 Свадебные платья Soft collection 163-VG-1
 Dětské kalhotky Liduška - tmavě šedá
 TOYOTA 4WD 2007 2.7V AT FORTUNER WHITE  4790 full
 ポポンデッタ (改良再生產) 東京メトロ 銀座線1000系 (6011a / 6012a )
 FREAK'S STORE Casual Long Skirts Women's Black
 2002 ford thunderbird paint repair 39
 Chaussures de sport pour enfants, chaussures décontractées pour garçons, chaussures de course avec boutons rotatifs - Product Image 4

--

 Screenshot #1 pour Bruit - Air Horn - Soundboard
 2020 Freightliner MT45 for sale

--

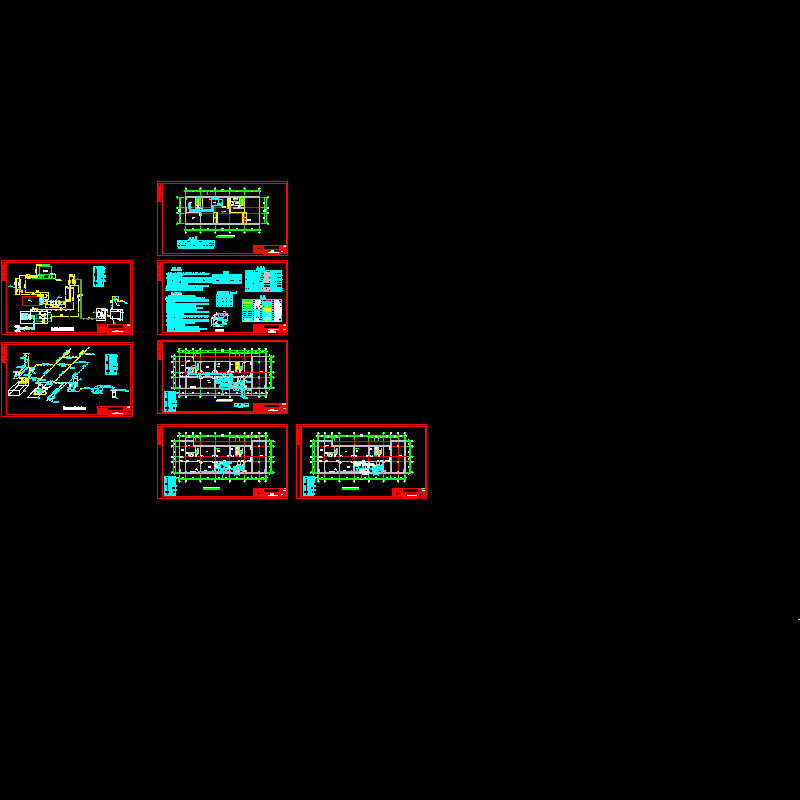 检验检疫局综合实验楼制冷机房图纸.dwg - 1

• WORK TASK
All lines in the listing above from the line containing "Свадебные платья Soft collection 163-VG-1" to the line containing "Chaussures de sport", inclusive, should be retyped exactly; no other lines should appear.

• TASK ANSWER
 Свадебные платья Soft collection 163-VG-1
 Dětské kalhotky Liduška - tmavě šedá
 TOYOTA 4WD 2007 2.7V AT FORTUNER WHITE  4790 full
 ポポンデッタ (改良再生產) 東京メトロ 銀座線1000系 (6011a / 6012a )
 FREAK'S STORE Casual Long Skirts Women's Black
 2002 ford thunderbird paint repair 39
 Chaussures de sport pour enfants, chaussures décontractées pour garçons, chaussures de course avec boutons rotatifs - Product Image 4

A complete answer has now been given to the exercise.